Selain massa aksi, seorang jurnalis yang meliput juga tidak luput dari sasaran represi. Abdul Agais, wartawan Habar alami intimidasi dan kekerasan.
“Kepala saya didorong dan salah seorang polisian coba menghalangi saya untuk mengambil gambar saat akan merekam upaya mereka merebut atribut massa aksi,” Ungkap Abdul Agis.
Pembungkaman Demokrasi
Isra menilai aksi pembubaran ini sebagai bagian dari upaya pembungkaman demokrasi yang dilakukan negara terhadap rakyat Indonesia. Apalagi hal ini terjadi tidak hanya kepada massa aksi, melainkan menyasar hingga jurnalis.
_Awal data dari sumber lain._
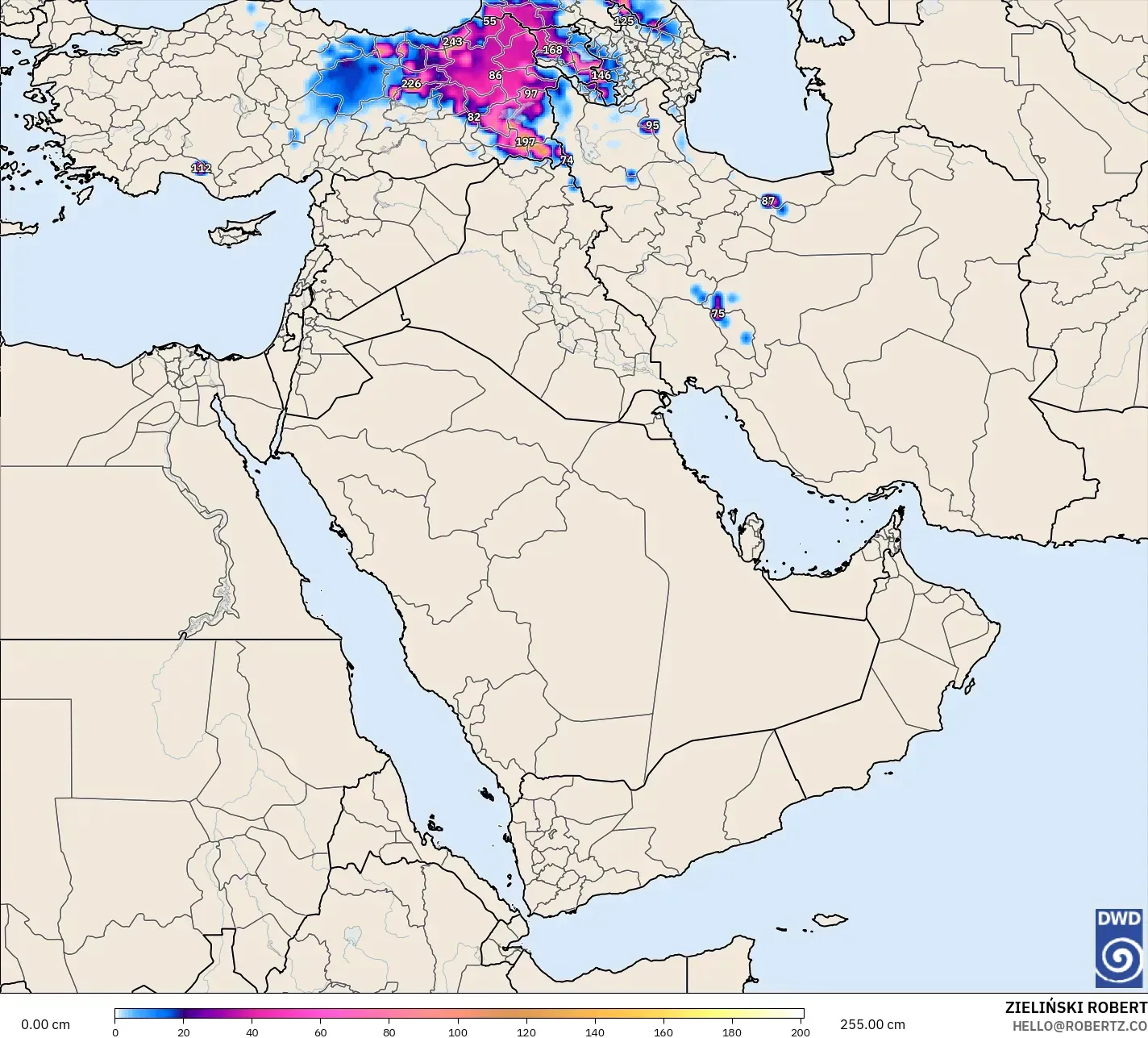 ICON model - Middle East, Snow Depth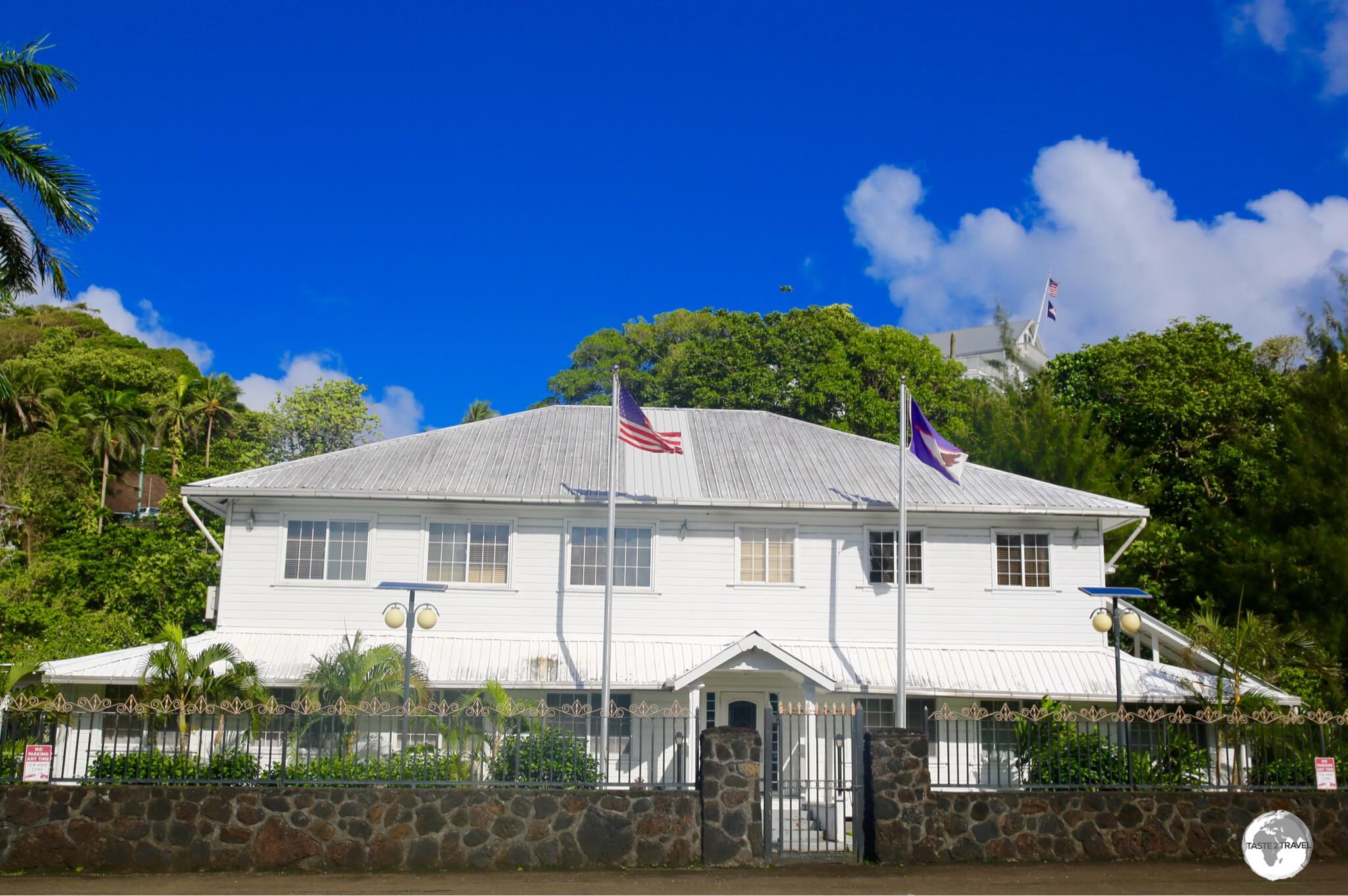 The 'official' residence of the Deputy Governor, with the Governor's residence on the hill behind.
“Demonstrasi menyampaikan pendapat merupakan perintah undang-undang yang seharusnya dilindungi oleh pihak kepolisian, bukan malah memberangusnya,” tutur Isra.
Wetub Toatubun, anggota Yayasan Lembaga Bantuan Hukum Indonesia (YLBHI) mengatakan tindakan pembubaran paksa yang dilakukan aparat kepolisian tidak berdasar. Tindakan ini melanggar peraturan perundang-undangan No 9/1998 tentang kemerdekaan menyampaikan pendapan di depan umum.
“Bukan hanya itu, apparat kepolisian juga tidak mematuhi Peraturan Kepala Polisi Republik Indonesia (Perkapolri) no 8/2009 tentang implementasi dan prinsip standar hak asasi manusia dalam tugas kepolisian,” tegasnya.
Menurut dia, kekerasan yang dilakukan anggota Polda Malut dan Polres Kota Ternate harus diusut oleh Propam dan Kompolnas. Hukum harus ditegakan dan sekaligus memberikan pelajaran kepada anggota maupun pimpinan kepolisian dalam melaksanakan tugas sesuai dengan prinsip hak asasi manusia.
“Jika kekerasan ini tidak ditindaklanjuti, maka ini merupakan impunitas dan menempatkan kepolisian kebal terhadap hukum,” tegas Wetub.